REQUIRED ACTION:
No pictures should appear in the copy; otherwise retype the entries exactly.

START INFORMATION GIVEN

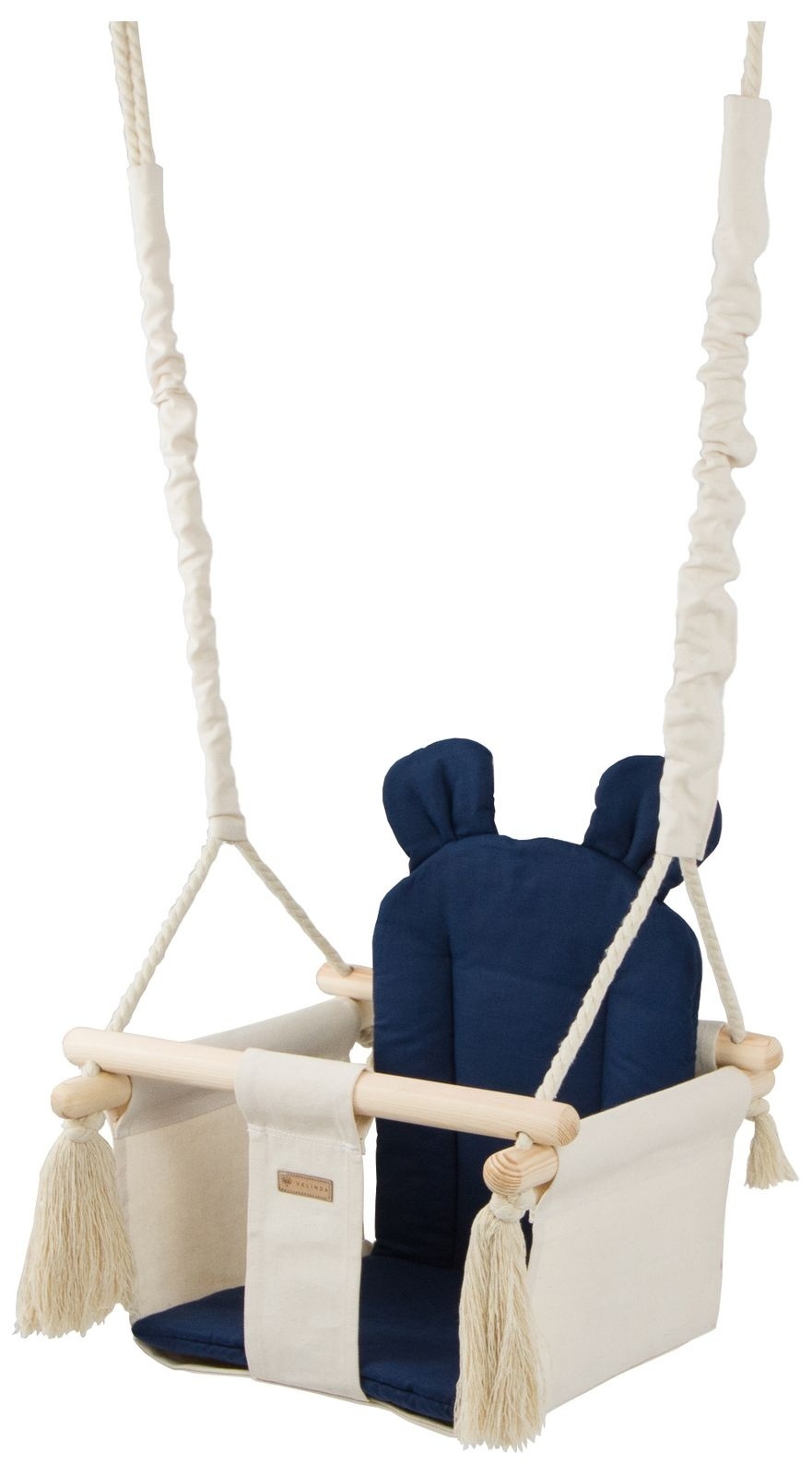 Babyschommel - babyswing - met oren - max. 20 kg - crème, marine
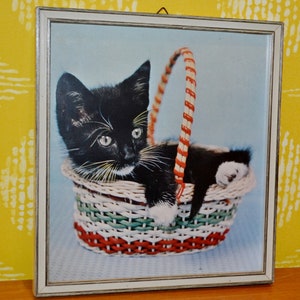 Vintage picture cat 50s Cats Retro Mid Century Retro Mid Century Shabby Chic Country style Art Animal Kitsch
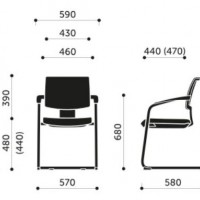 Wymiary Krzesło Xenon Net 20V z podłokietnikami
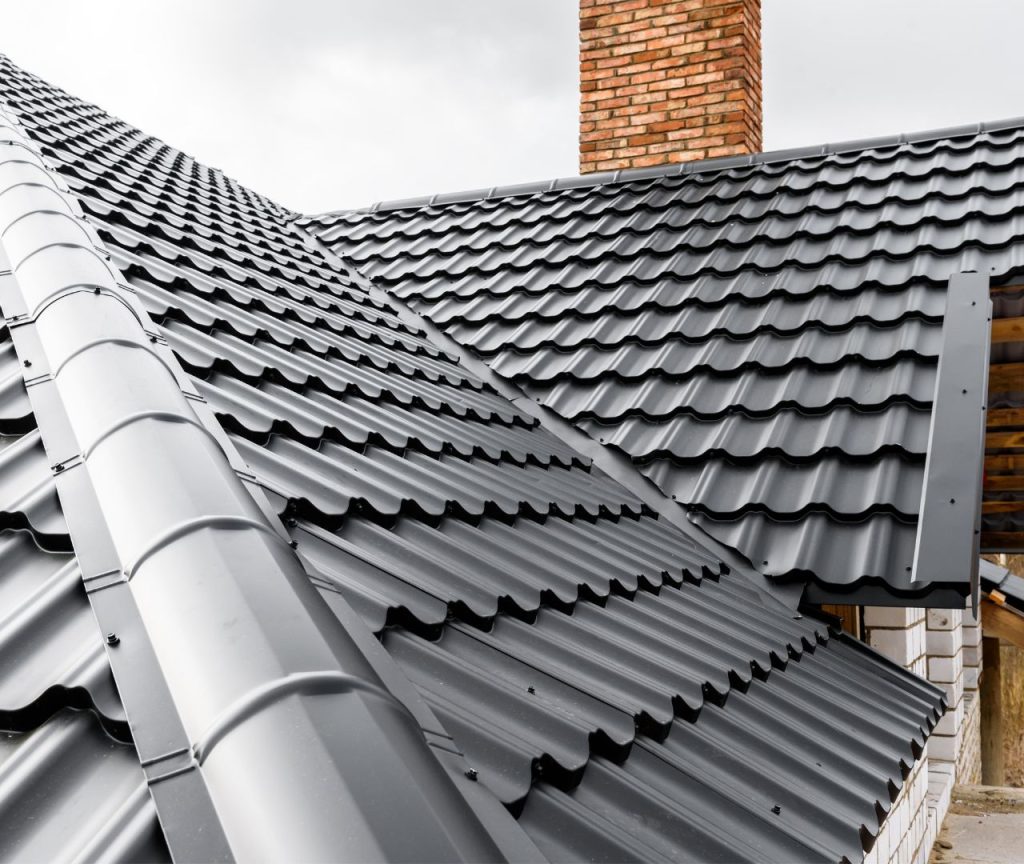 Corrugated metal roofing with shingles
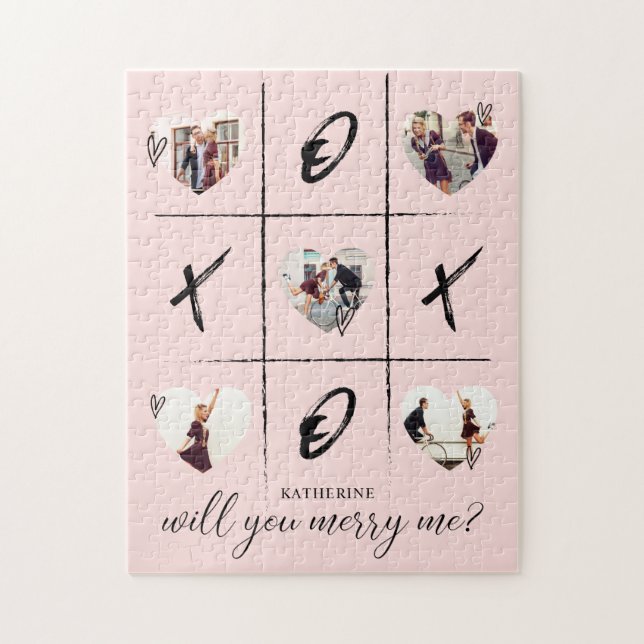 Valentine's Marriage Proposal Will You Merry Me XO Jigsaw Puzzle (Vertical)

END INFORMATION GIVEN

EXERCISE SOLUTION:
 Babyschommel - babyswing - met oren - max. 20 kg - crème, marine
 Vintage picture cat 50s Cats Retro Mid Century Retro Mid Century Shabby Chic Country style Art Animal Kitsch
 Wymiary Krzesło Xenon Net 20V z podłokietnikami
 Corrugated metal roofing with shingles
 Valentine's Marriage Proposal Will You Merry Me XO Jigsaw Puzzle (Vertical)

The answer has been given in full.